Friday, December 5, 2008

I love, because God first loved me.

Before I head off to school for this week's last lesson, I shall do a quick post here.. (and I am still stuck with my assignment, do not ask why I am still stuck at it after 2 weeks. =/) 

To be honest, I never understood the true meaning of I love because God first loved me. I am a very self assured person although I occassionally whine about some things here and there and sometimes I don't really know what to say when people feel lousy about themselves. The thing is, we're supposed to be self-loving, selfish creatures of the earth. But what happens when you don't love yourself, feel constantly depressed about everything and just can't seem to carry on with life this way. 

Self-love, may I clarify before i move on, is not narcissism, which is also known as excessive self love.  (btw if u love yourself too much, tts bad too, another day on that though). I am still a strong believer in loving yourself before you love anything else on this earth. Loving yourself in the way of having self-respect, of valuing yourself as an individual and not being selfish. 

I found this article on the net which was penned by a lady on her blog about self love and she writes on it with her own experiences. excerpts here and there. 
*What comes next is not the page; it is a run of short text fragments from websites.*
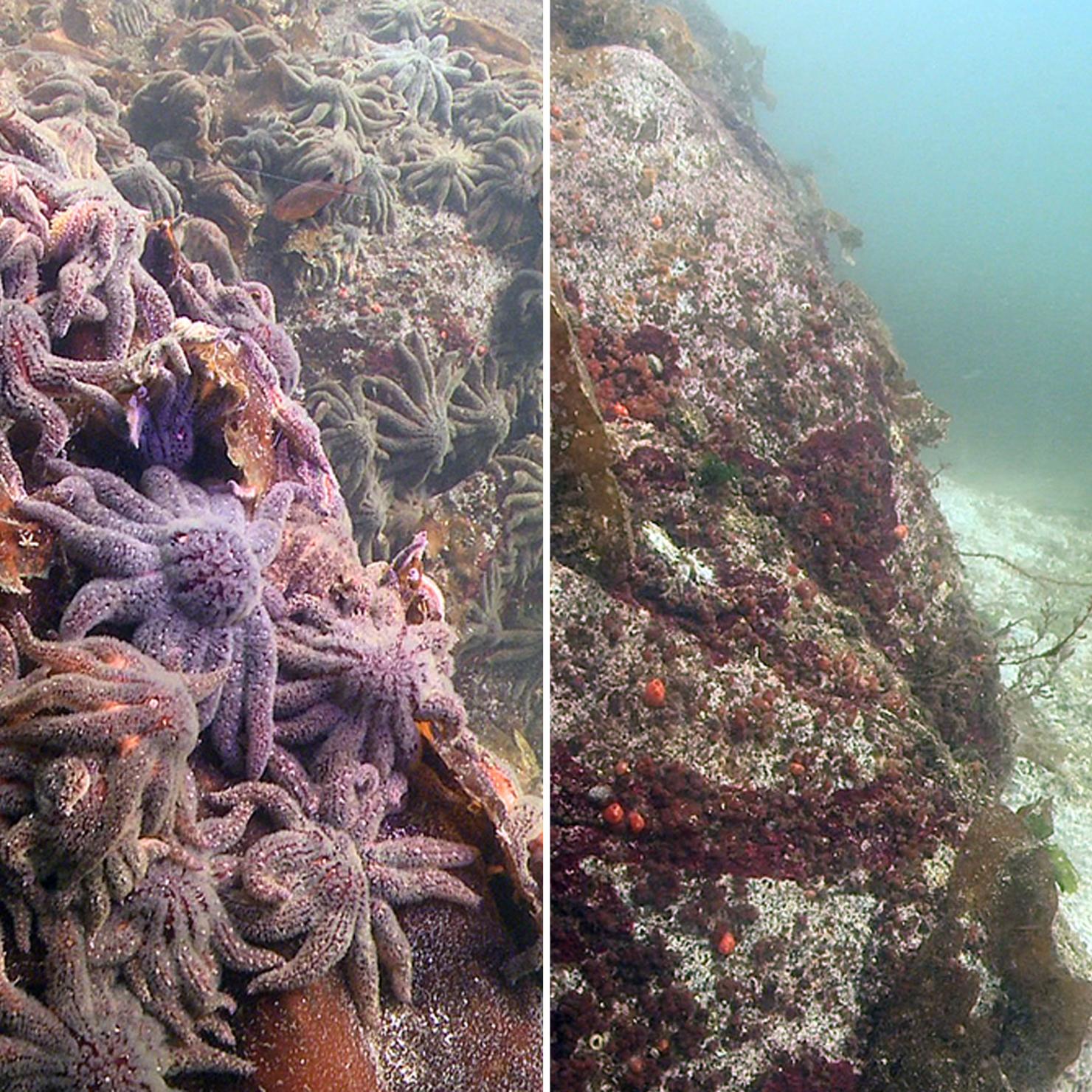 Sunflower sea star, before and after 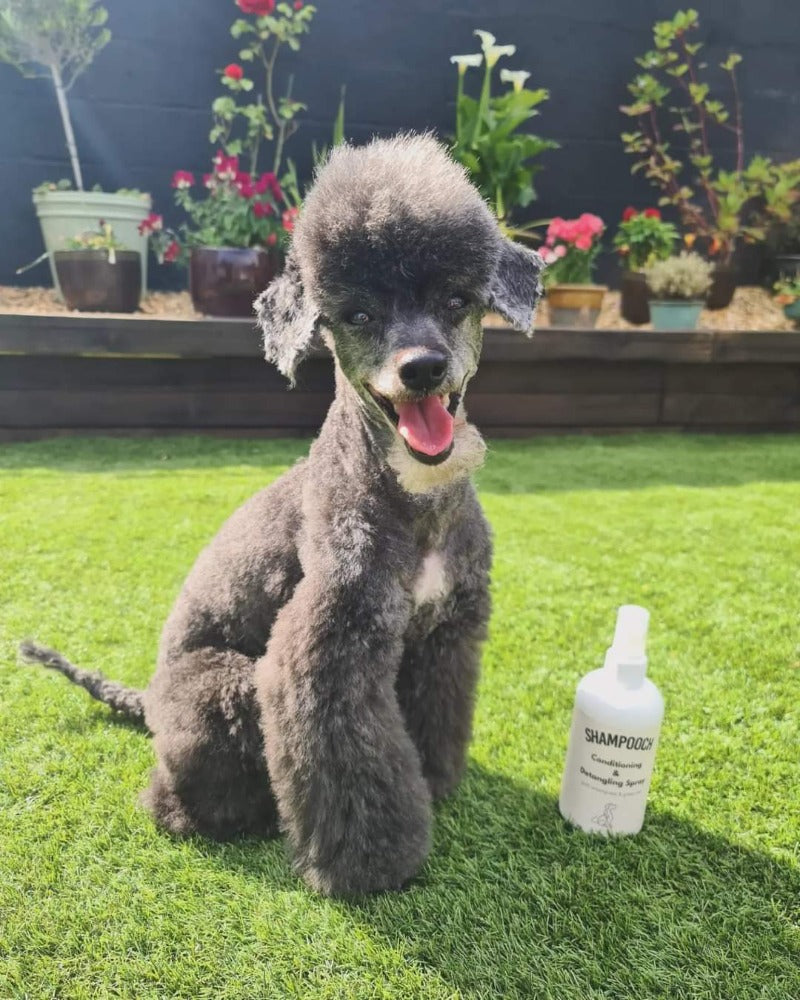 Happy poodle looking well groomed after using Shampooch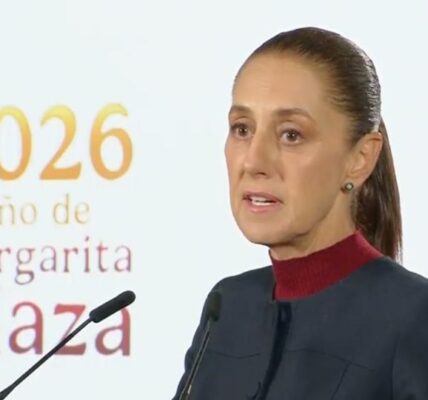 Sheinbaum: “Hay que ser valientes” ante el retiro de visa a hijo de AMLO 4 f960x540 155853 229928 6033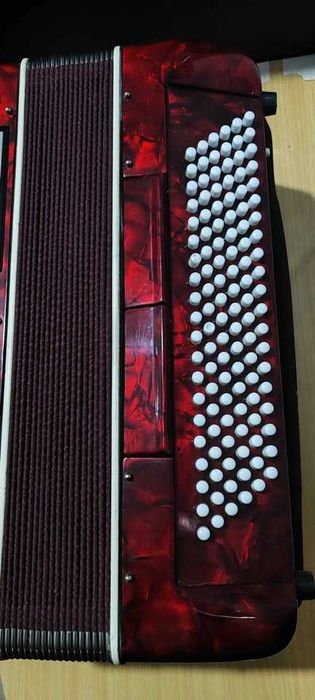 Acordeão de botões 120 baixos novo com garantia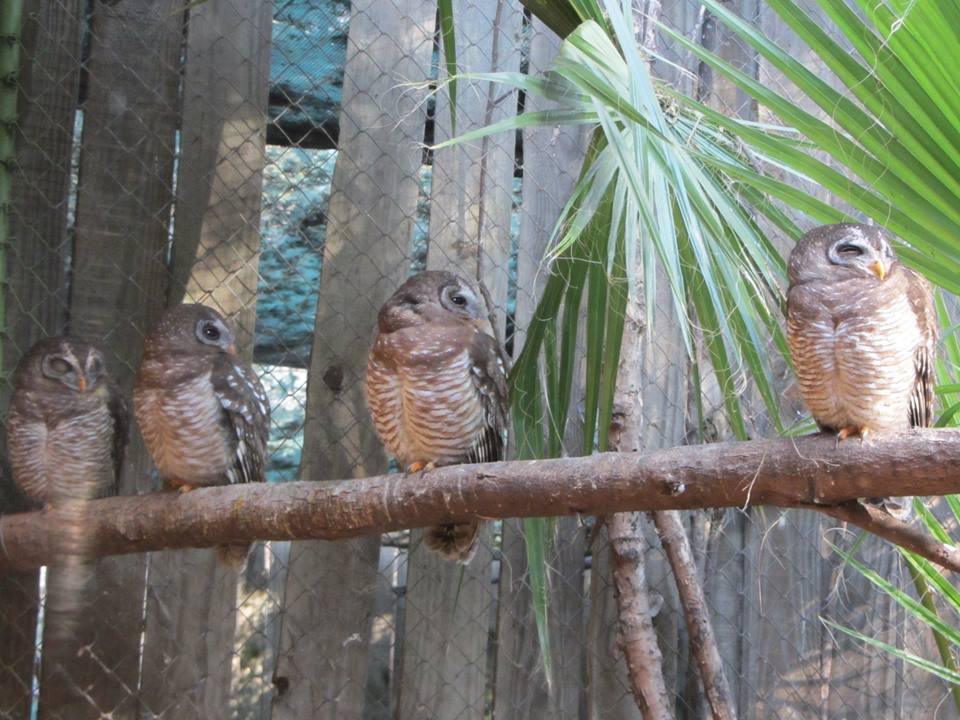 African Wood Owls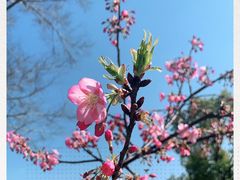 -顾村公园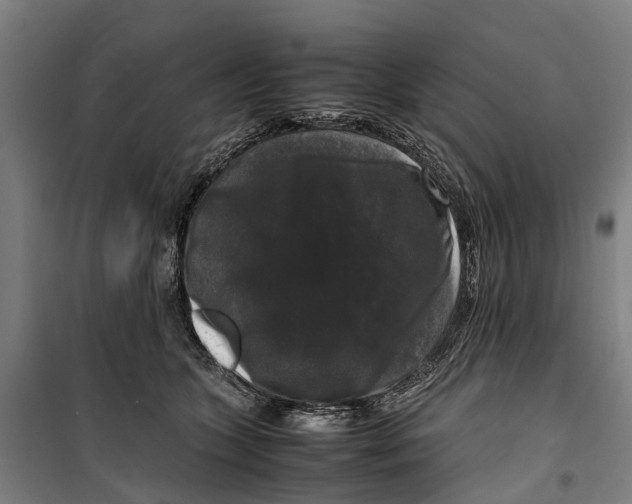 X0000099550563200806061519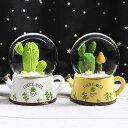 スノードーム 子供 キッズ じょうろ サボテン 植物 光る LEDライト内蔵 クリスタルボール 置物 オーナメント 誕生日 プレゼント ギフト おもちゃ 樹脂製...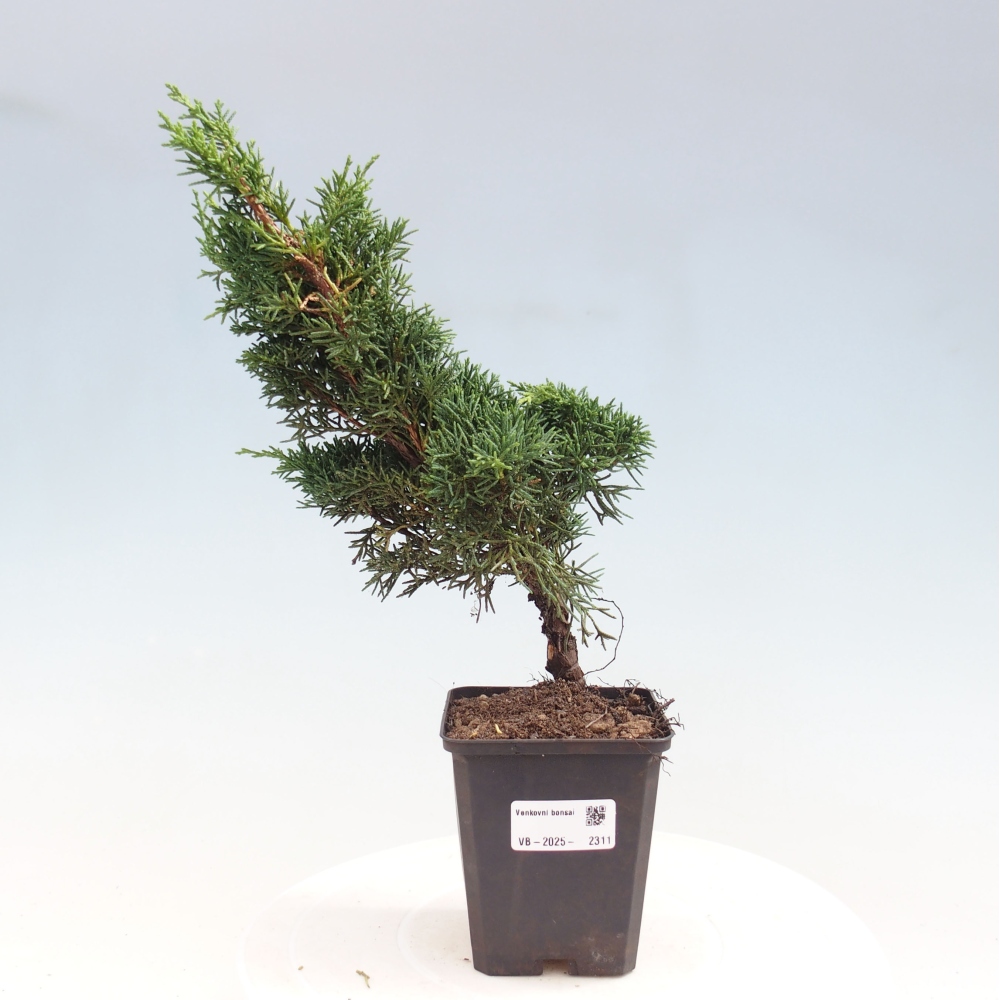 Vonkajšie bonsai - Juniperus chinensis Kishu -Jalovec čínsky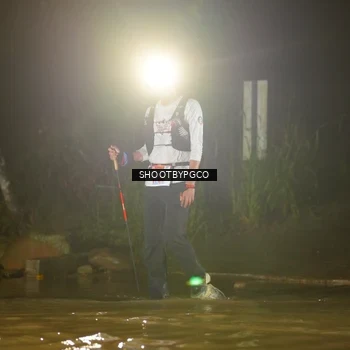 Runner Photo 8856871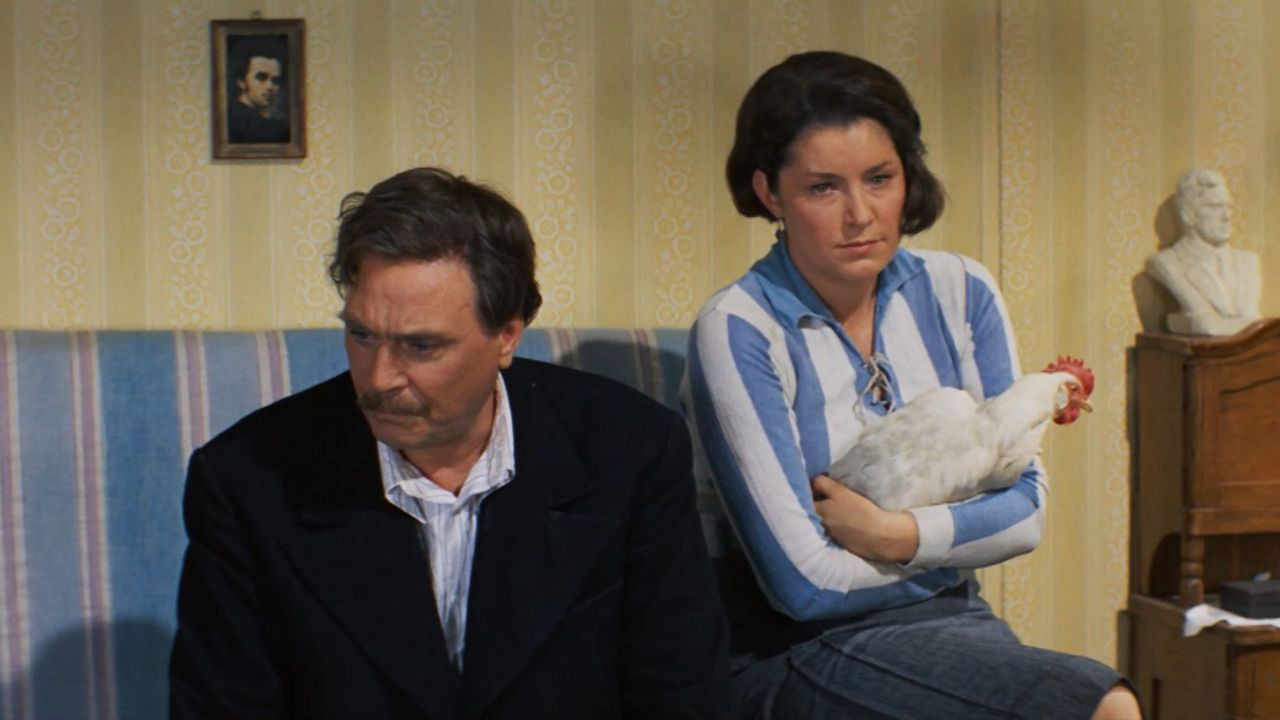 Earthy Love backdrop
http://karenpattersondevotionals.blogspot.com (just in case you want to read her other very interesting articles)

The one thing I've reflected on recently is how God has brought me through so much during the last 10 years. I look back at my life and the things that I use to do and I wonder why I acted in such a way that was detrimental to my physical and emotional well being. The one answer I come up with is that I didn't love myself. I didn't care about me... I didn't think that I was worthy of true love. You see, I bought into Satan's lies. I believed him when he told me I couldn't be saved. I believed him when he told me that I'd never be loved again after divorce. I believed him when he told me that no one would want to have any kind of relationship with a single mother of two boys. I believed him when he told me that I couldn't work and go to school to complete my master's degree. I believed him when he told me that things would be too difficult for me to accomplish. 

I do need to say however, that I know who holds the future and it is not Satan! I now believe my Heavenly Father who tells me that nothing is impossible through Him. I know that I am beautiful because I was created in the image of God. I know that I can do all things through Christ who strengthens me! I know that I am a child of the King! I know that my God has carried me through the last 31 years... I can't even breathe without giving praise and honor to my Creator! 

I pray that others who are struggling with negative self images will know that God is their only hope. I pray that those who have low self esteem will know that they are beautiful because they were created uniquely by the Father. I pray that those who need strength or comforting will understand that the battle they are facing has already been won on Calvary. We can't always understand why we go through the trials we are facing, but we can always count on God to comfort and protect us while we are in the valley.



and so that concludes, I love because God first loved me. and once you have learnt to love yourself, you will be ready to love others in the same way that God loved you. Don't let evil draw you away from the knowledge of love. (= 

Ephesians 4: 21-23
Since you have heard about Jesus and have learned the truth that comes from him, throw off your old sinful nature and your former way of life, which is corrupted by lust and deception. Instead, let the Spirit renew your thoughts and attitudes.